* [Assigned task]:
What is needed is a faithful copy of all the entries, with no pictures in it.

[The input]

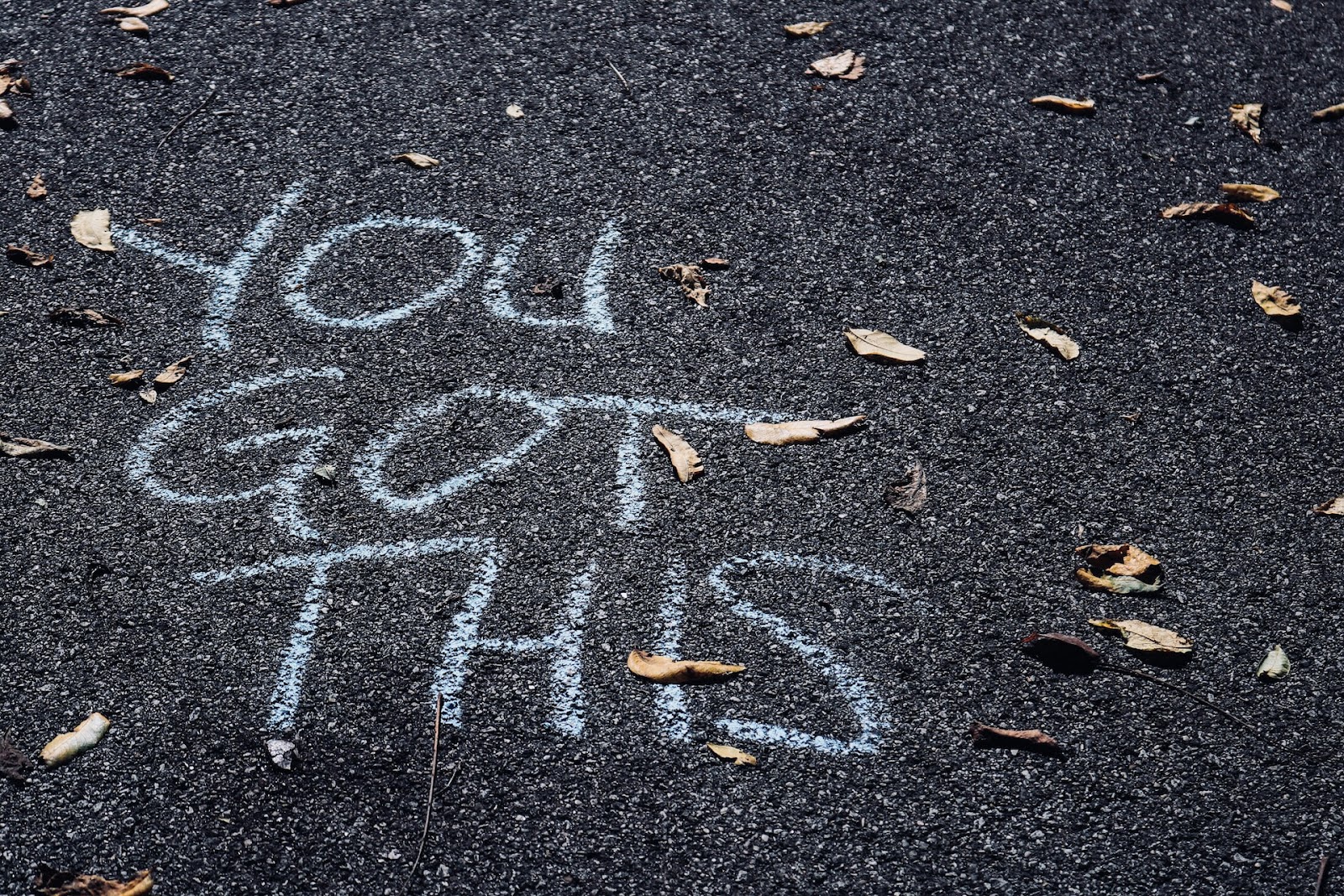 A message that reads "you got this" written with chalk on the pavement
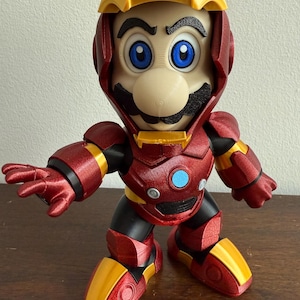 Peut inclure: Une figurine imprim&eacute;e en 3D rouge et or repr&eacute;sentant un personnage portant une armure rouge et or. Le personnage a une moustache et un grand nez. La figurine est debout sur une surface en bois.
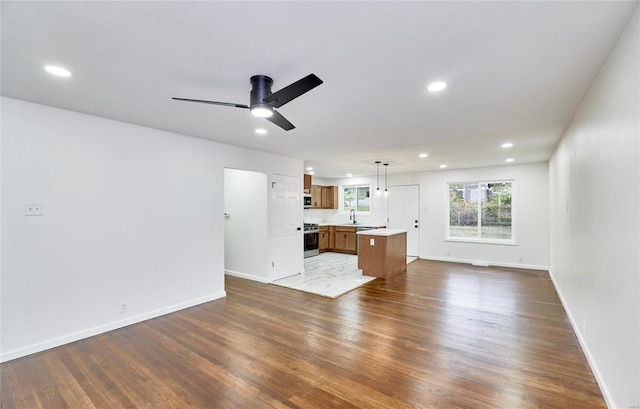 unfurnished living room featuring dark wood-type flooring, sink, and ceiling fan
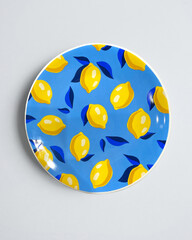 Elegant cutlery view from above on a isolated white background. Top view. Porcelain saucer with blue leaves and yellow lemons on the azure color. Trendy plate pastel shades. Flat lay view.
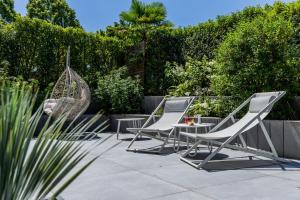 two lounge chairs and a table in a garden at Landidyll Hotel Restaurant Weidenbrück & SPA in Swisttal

[/The input]

* [Response]:
 A message that reads "you got this" written with chalk on the pavement
 Peut inclure: Une figurine imprim&eacute;e en 3D rouge et or repr&eacute;sentant un personnage portant une armure rouge et or. Le personnage a une moustache et un grand nez. La figurine est debout sur une surface en bois.
 unfurnished living room featuring dark wood-type flooring, sink, and ceiling fan
 Elegant cutlery view from above on a isolated white background. Top view. Porcelain saucer with blue leaves and yellow lemons on the azure color. Trendy plate pastel shades. Flat lay view.
 two lounge chairs and a table in a garden at Landidyll Hotel Restaurant Weidenbrück & SPA in Swisttal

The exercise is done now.